--- RECORDS PROVIDED ---

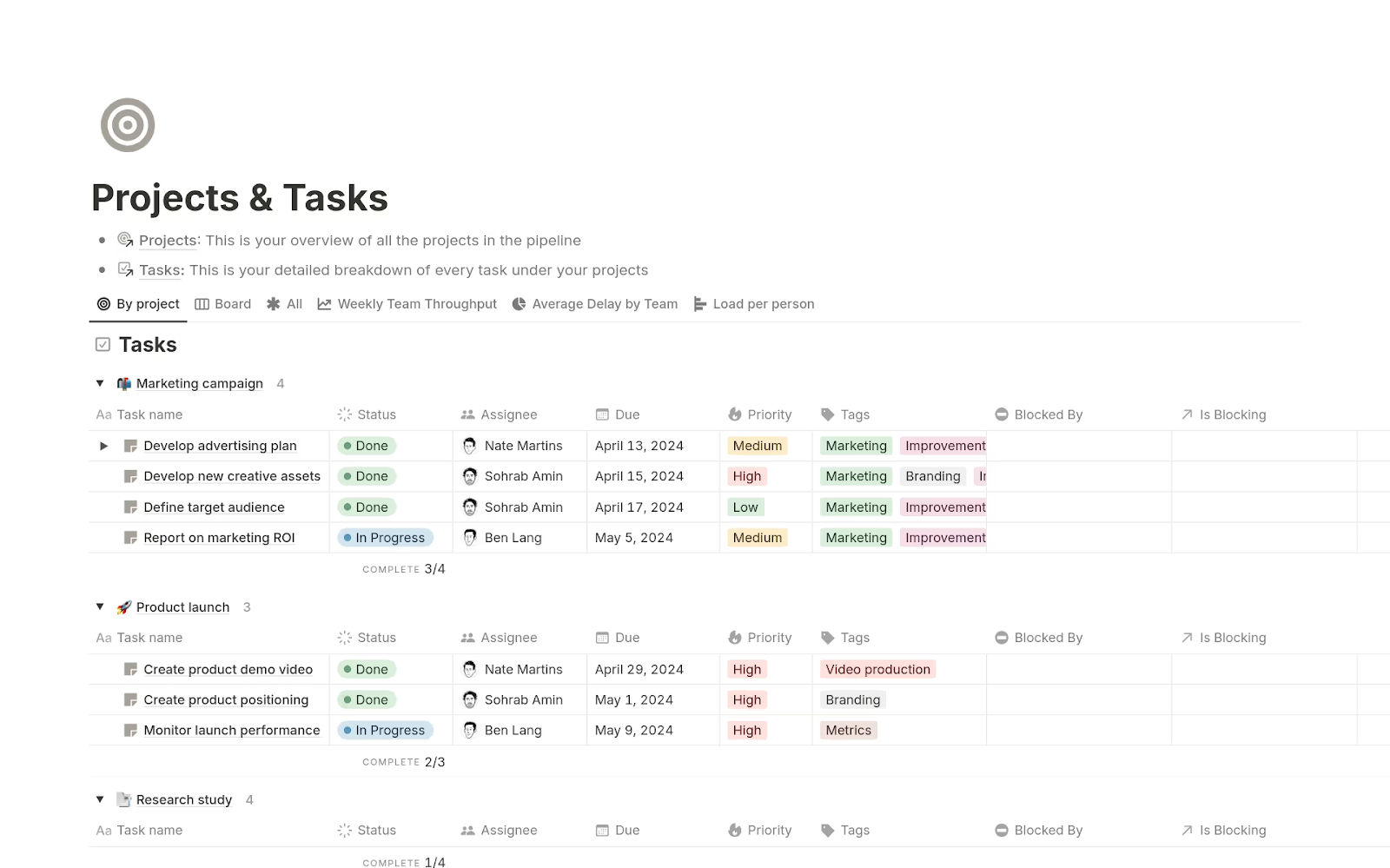 Notion: User-friendly Akiflow alternative for daily tasks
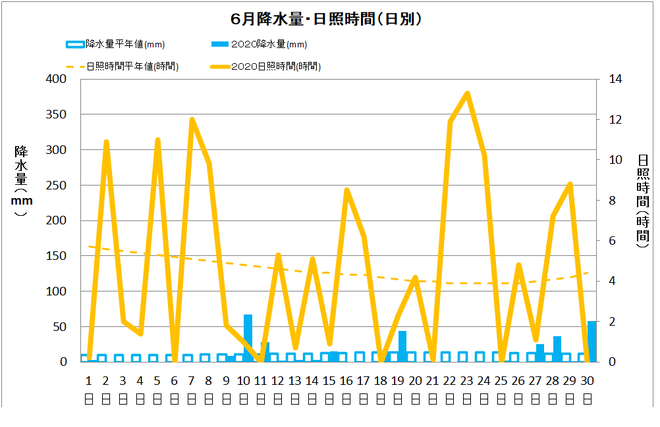 四万十市中村６月の降水量・日照量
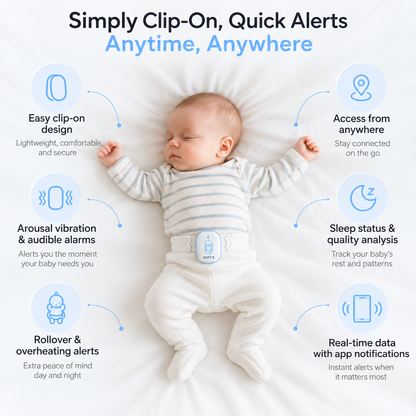 Sorra™ Baby Breath Monitor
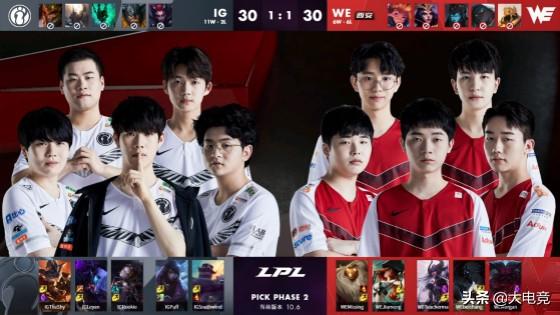 策略革新与 策略革新与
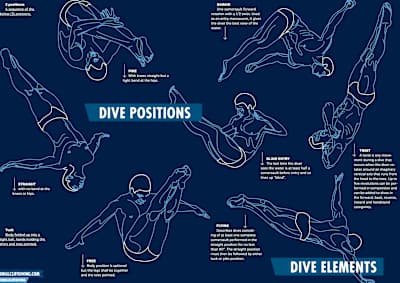 Red Bull Cliff Diving: the dive positions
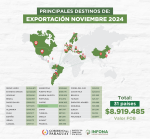 Principales destinos de exportación – noviembre 2024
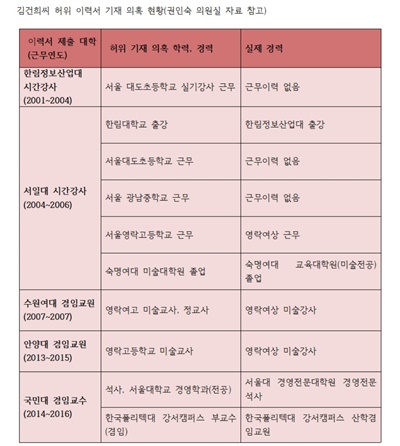 김건희씨 이력서 허위 기재 의혹 현황. 
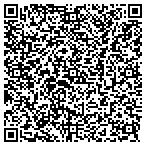 QR code with Leather Pros Inc contacts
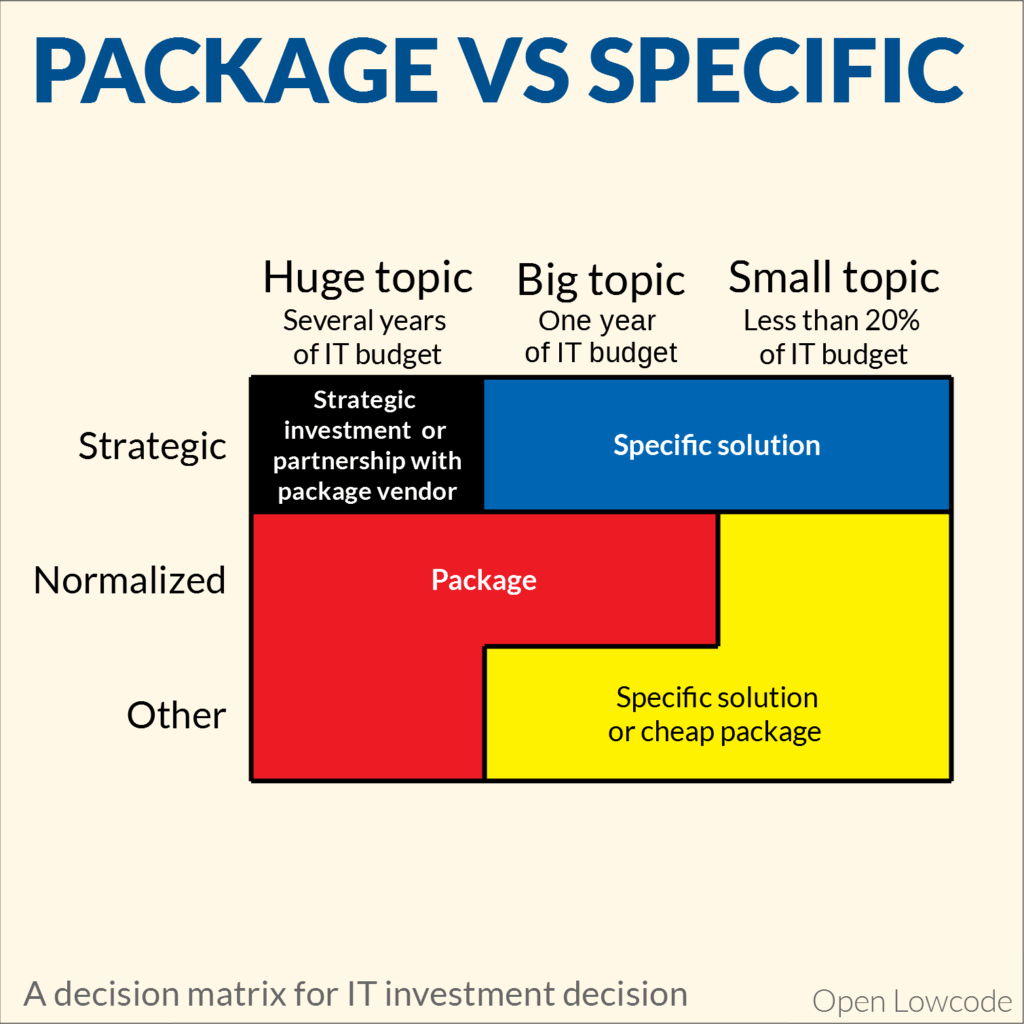 Software package or specific development Open Lowcode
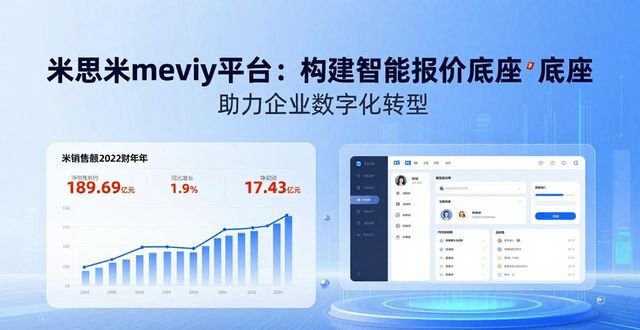 钣金加工报价软件_钣金行业数字化转型_非标智能报价平台meviy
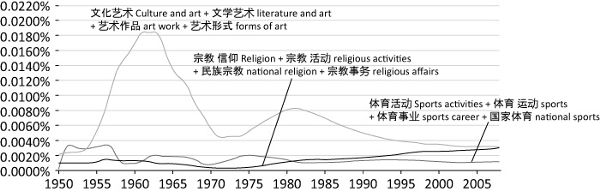 Line chart tracking three function systems from 1950 through 2008.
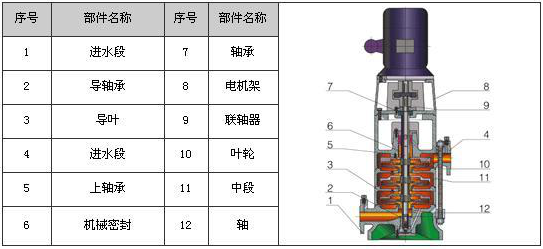 gdl立式多級管道離心泵結(jié)構(gòu)圖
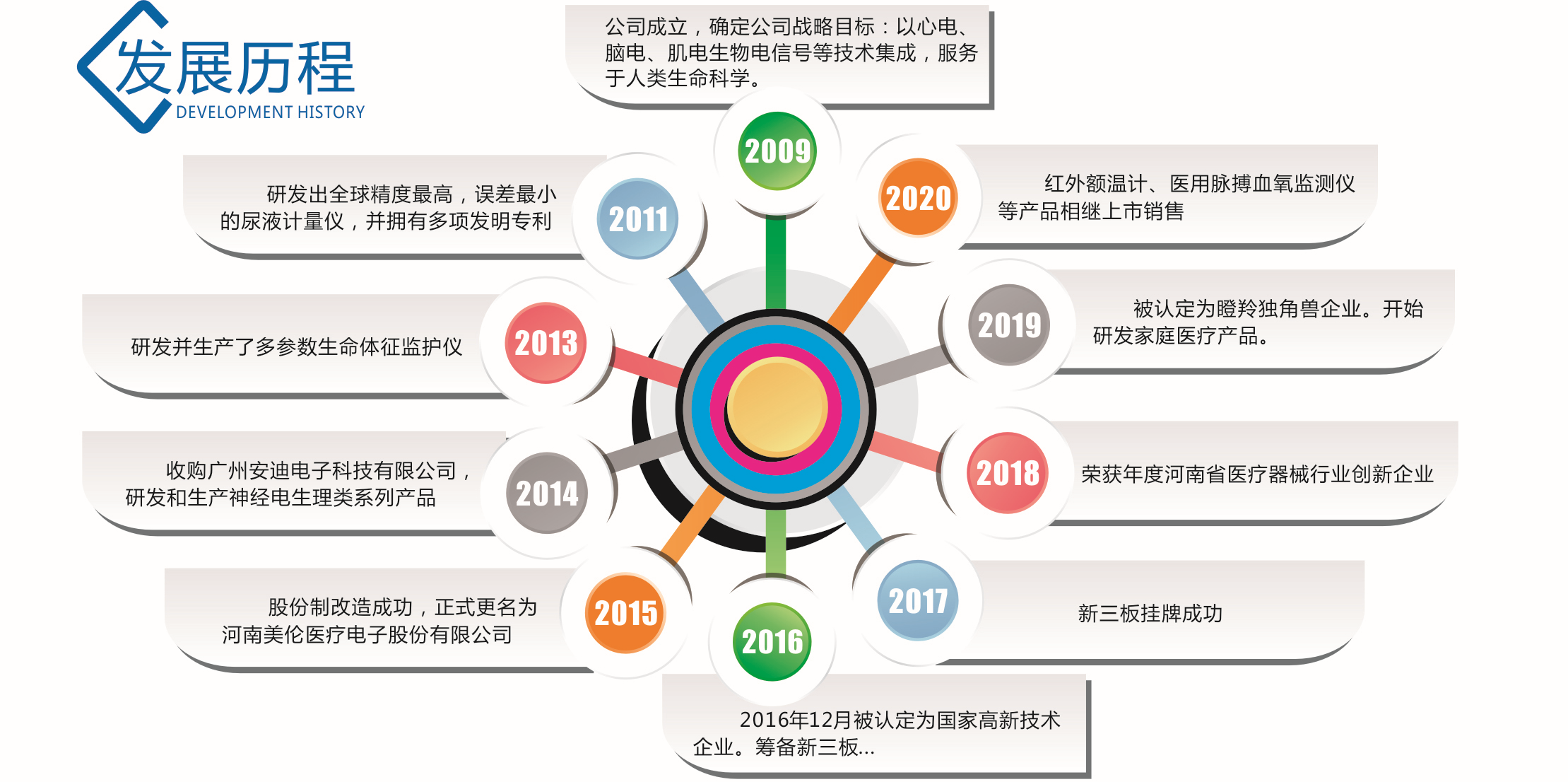 监护仪厂家,脑电图机,美伦,美伦医疗电子有限公司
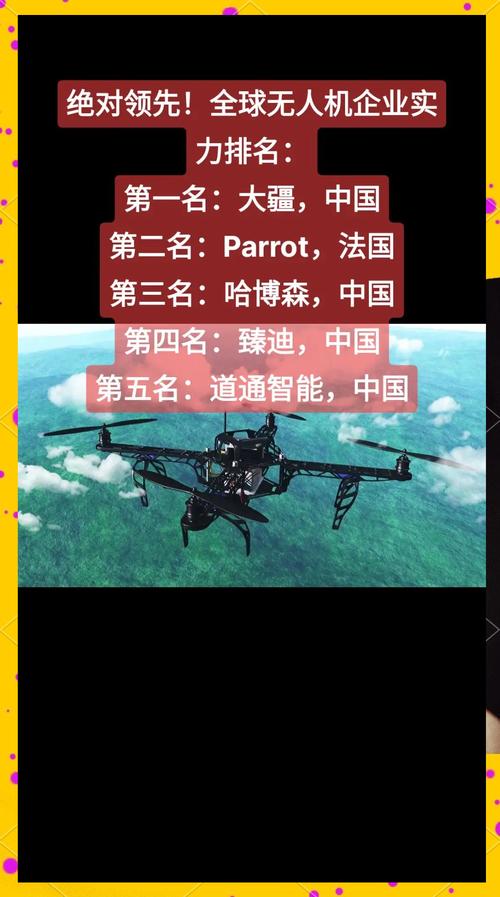 我国顶级无人机多厉害？刚一展示，评委都看傻了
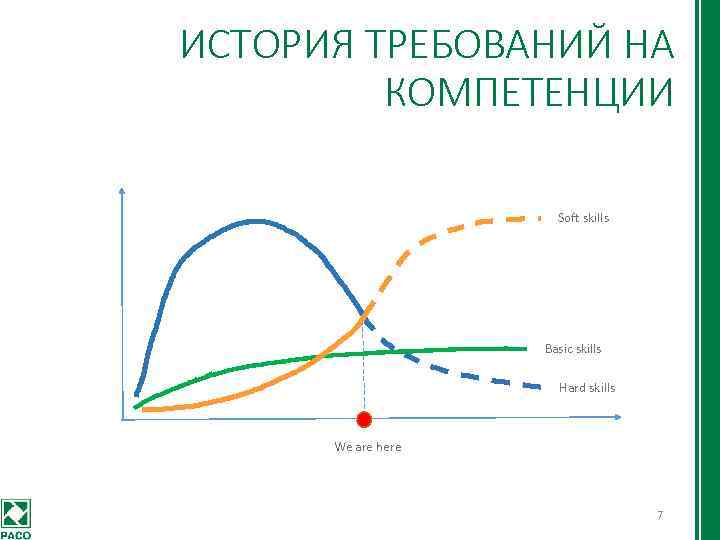 ИСТОРИЯ ТРЕБОВАНИЙ НА КОМПЕТЕНЦИИ Soft skills Basic skills Hard skills We are here 7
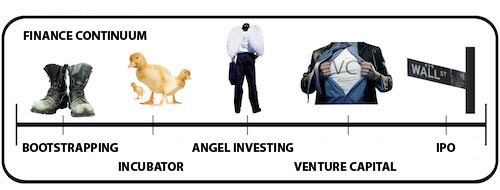 The finance continuum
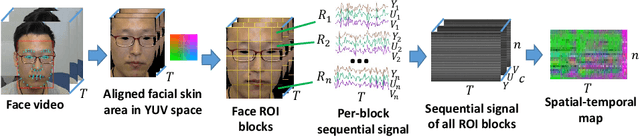 Figure 2 for RhythmNet: End-to-end Heart Rate Estimation from Face via Spatial-temporal Representation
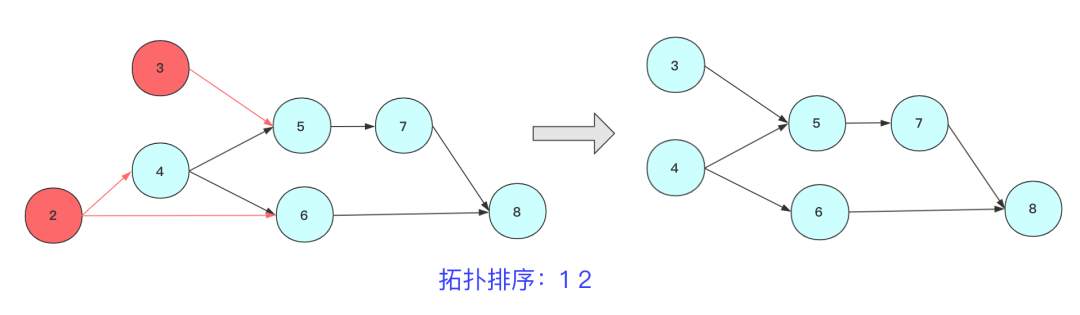 排序算法 java实现_令牌桶算法 java实现_java实现旋转门算法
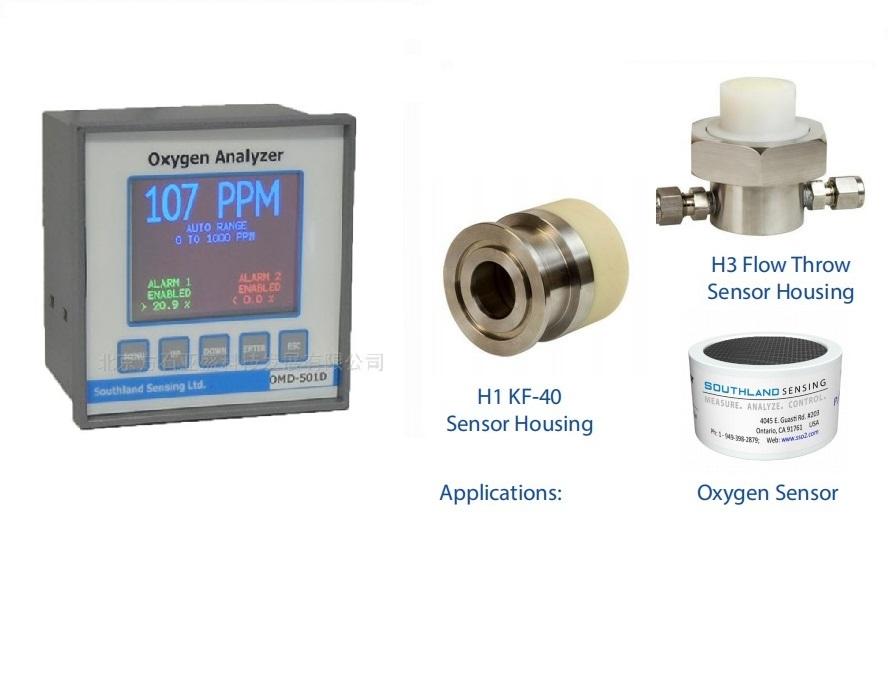 OMD-501D氧氣分析儀，退火爐專用氧氣分析儀OMD-501D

---

Begin with the line that contains "gdl立式多級管道離心泵結(jié)構(gòu)圖" and repeat every line through the end of the data, exactly and only those lines, leaving out the pictures.

 gdl立式多級管道離心泵結(jié)構(gòu)圖
 监护仪厂家,脑电图机,美伦,美伦医疗电子有限公司
 我国顶级无人机多厉害？刚一展示，评委都看傻了
 ИСТОРИЯ ТРЕБОВАНИЙ НА КОМПЕТЕНЦИИ Soft skills Basic skills Hard skills We are here 7
 The finance continuum
 Figure 2 for RhythmNet: End-to-end Heart Rate Estimation from Face via Spatial-temporal Representation
 排序算法 java实现_令牌桶算法 java实现_java实现旋转门算法
 OMD-501D氧氣分析儀，退火爐專用氧氣分析儀OMD-501D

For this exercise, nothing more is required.